Is the President’s mental state is unraveling?

In this talk I will discuss why it is crucial for us to address this question, and to understand how our responses may influence the way we maintain clinical efficacy working with patients who may either agree or disagree with our concerns.

The task of mental health professionals is to point out when psychological abnormalities become dangerous enough to threaten the public’s health. We therefore must be clear: Donald Trump’s observable emotional instability could cause him to take unpredictable and potentially extreme measures to distract from the growing challenges of his presidency.

Violent acts are usually the end product of a long process that follows well-recognized patterns and a consistent history.
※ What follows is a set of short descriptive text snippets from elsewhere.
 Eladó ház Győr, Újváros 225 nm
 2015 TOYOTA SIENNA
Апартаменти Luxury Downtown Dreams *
We make predictions based on unacceptable levels of probability, not on certain outcome.

While a psychiatric interview can contribute to the assessment of dangerousness, a more reliable predictor of violence is past history, that might include cruelty to animals, poor impulse control, self-preoccupation, access to weapons, broken relationships, seeing oneself as victim, lack of compassion, and disregard of the consequences of harmful actions, for instance..

That the president has met not just some but most of these criteria should be alarming.
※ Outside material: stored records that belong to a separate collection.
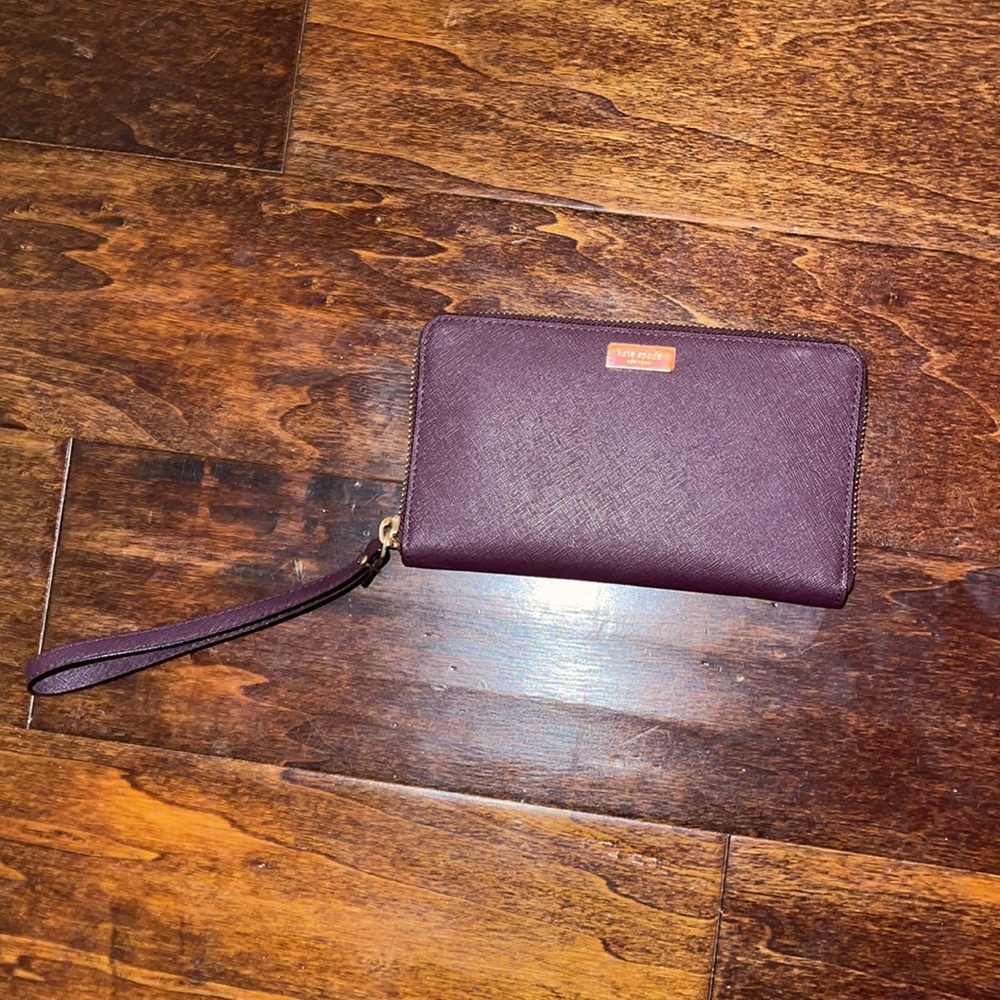 Kate Spade Wristlet Wallet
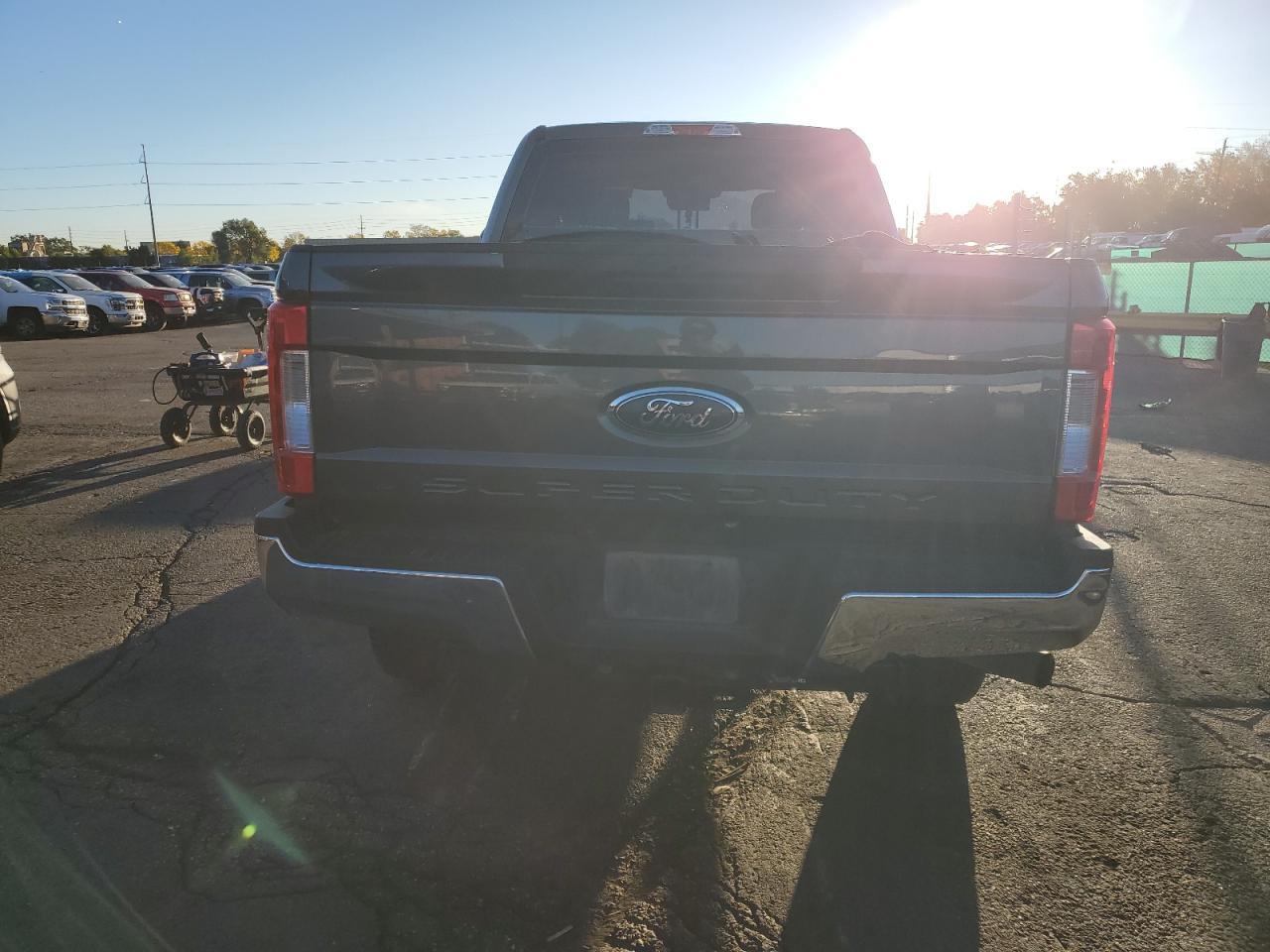 2019 Ford F250 Super Duty - Image 6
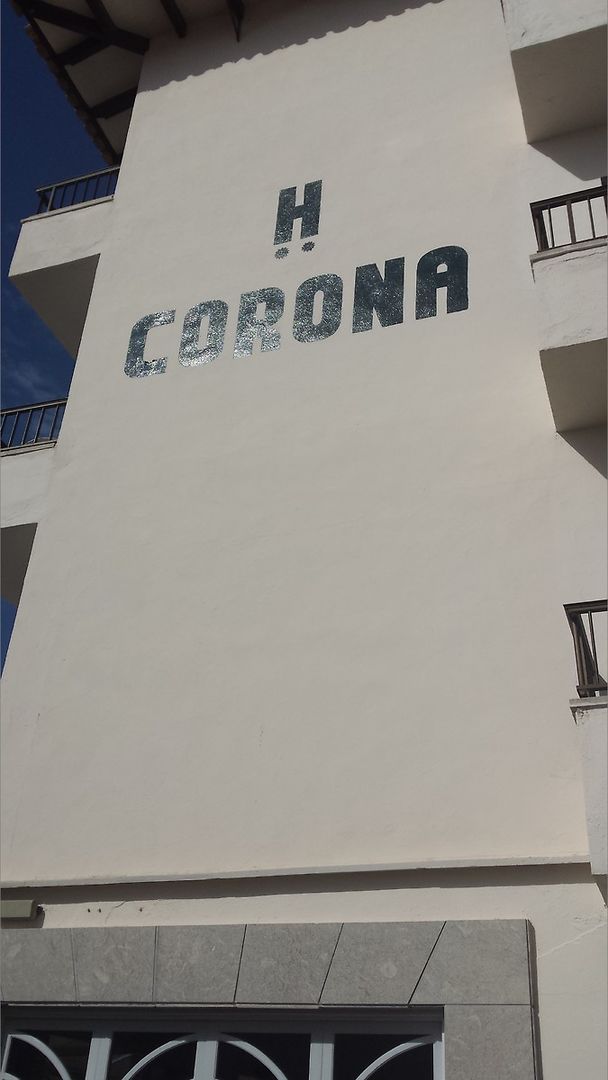 Hostal Port Corona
Due to the advancing special counsel’s investigations, as well as growing criticisms, we are entering a period when the stresses on President Trump will accelerate and challenge his instability.
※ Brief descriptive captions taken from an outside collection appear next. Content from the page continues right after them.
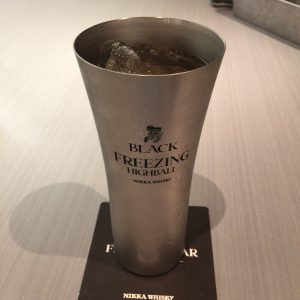 blacknikka-freezing-highball-side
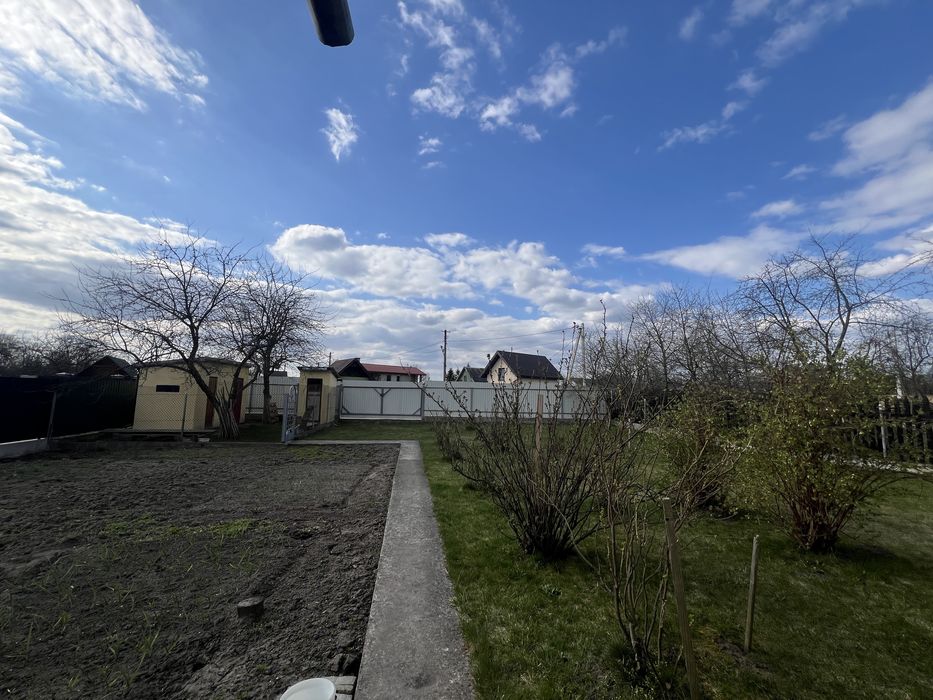 Продаж будинку с.Підрясне(Фуджікура)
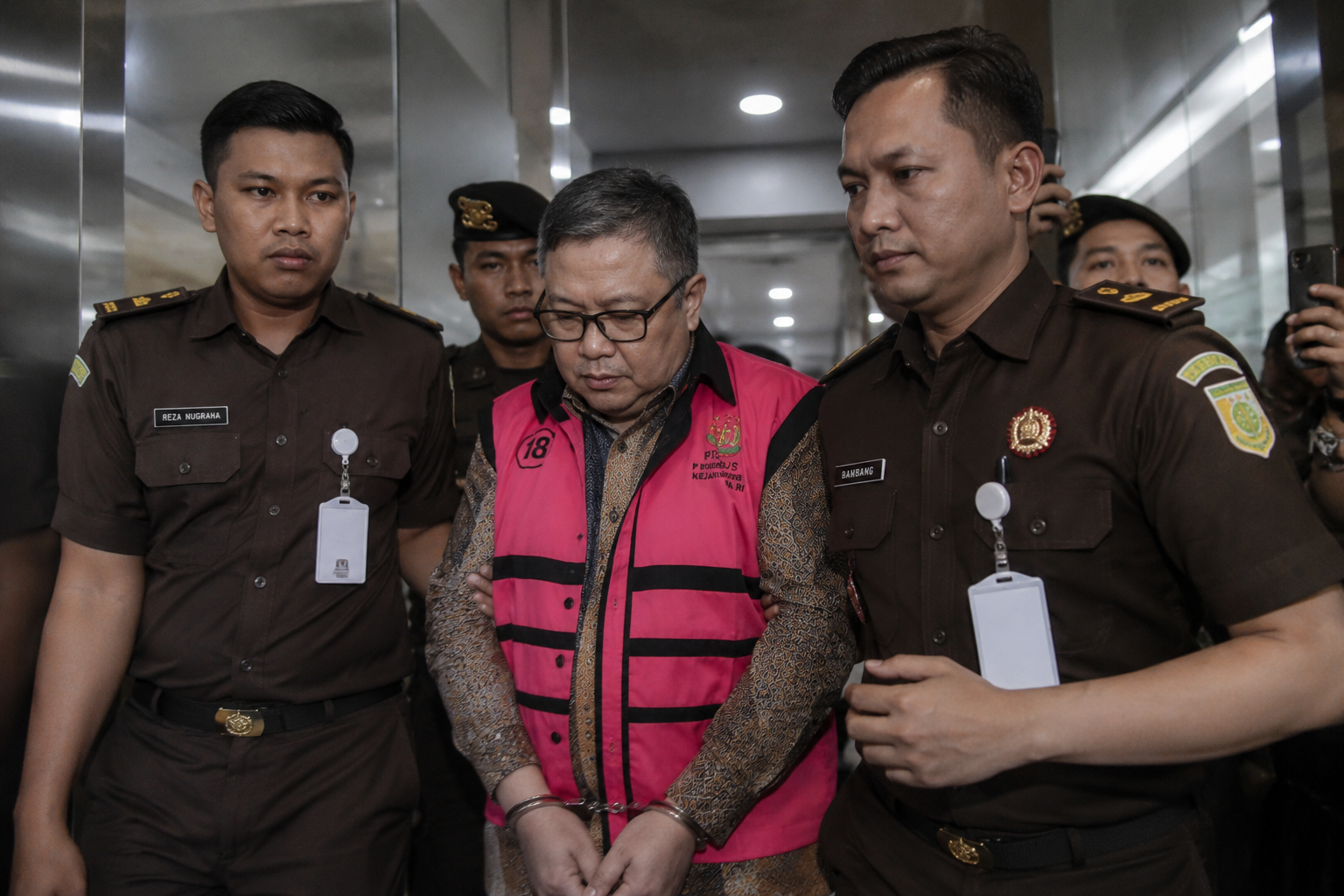 Tersangka Korupsi MBG Bertambah Jadi Enam Orang, Ketua Yayasan IFSR Masuk Daftar Terbaru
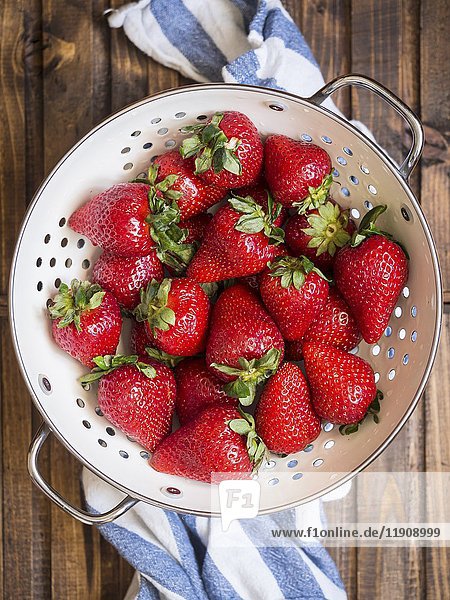 Frische Erdbeeren in einem Emaille-Sieb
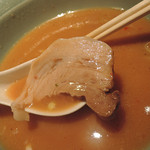 いずみ家 - チャーシュー齧る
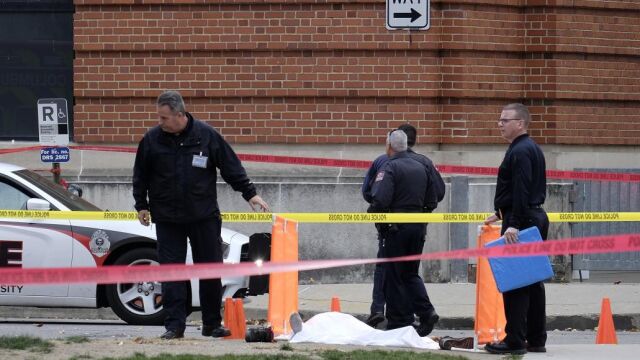 Agentes de policía cubren al cadáver del estudiante somalí que perpetró el ataque en el campus de Ohio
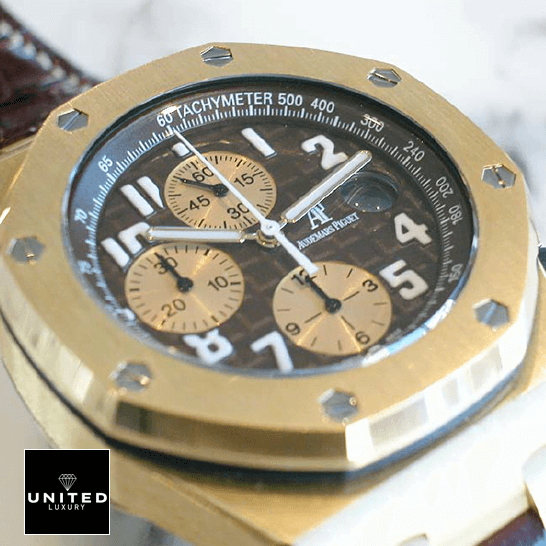 Audemars Piguet Royal Oak Offshore 26007BA.OO.D088CR.01 Audemars Piguet Royal Oak Gold Case Replica close analog view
There is enough evidence to be concerned that Mr. Trump is a danger to the public, specifically, his attraction to violence and war, incitement of violence in his followers, susceptibility to manipulation by hostile powers, detachment from reality when the truth becomes intolerable, seemingly paranoid responses, possible signs of cognitive deficits, and past escalations of irrational behavior in times of duress.

Learning Objectives

Participants will learn:

  • About the professional duty to warn issue,
  • To Identify characteristics patterns of potentially dangerous individuals,
  • To differentiate personal opinion from clinical perspective in working with individuals whose life choices differ from their own.
  • How to assess when differences in philosophy may insurmountably interfere with good clinical practice, and how to recognize and deal with those instances.

 

Bandy Lee, MD is an internationally recognized expert on violence. Trained in medicine and psychiatry at Yale and Harvard Universities, and in medical anthropology as a fellow of the National Institute of Mental Health, she is currently on the faculty of Yale School of Medicine’s Law and Psychiatry Division. She served as Director of Research for the Center for the Study of Violence (Harvard, U. Penn., N.Y.U., and Yale), co-founded Yale’s Violence and Health Study Group (MacMillan Center for International Studies), and leads a project group for the World Health Organization’s Violence Prevention Alliance. She has consulted with the governments of Ireland and France, as well as California, Connecticut, Massachusetts, and New York on violence prevention programming in prisons and in the community. She played a key role in initiating reforms at Rikers Island, New York City’s correctional facility known for extreme levels of violence. She has been teaching students studying to be public defenders and to become asylum attorneys at Yale Law School since 2003, and a Global Health Studies course of her design, “Violence: Causes and Cures,” since 2013. She has served as consultant to the World Health Organization Violence and Injury Prevention department, UNESCO, and other United Nations bodies, and as speaker to the World Economic Forum. Her interests are in global health approaches to violence prevention and multisectoral collaboration, and she currently leads a newly formed group called the World Coalition of Concerned Mental Health Experts that strives to identify, educate about, and ameliorate dangerousness in the world.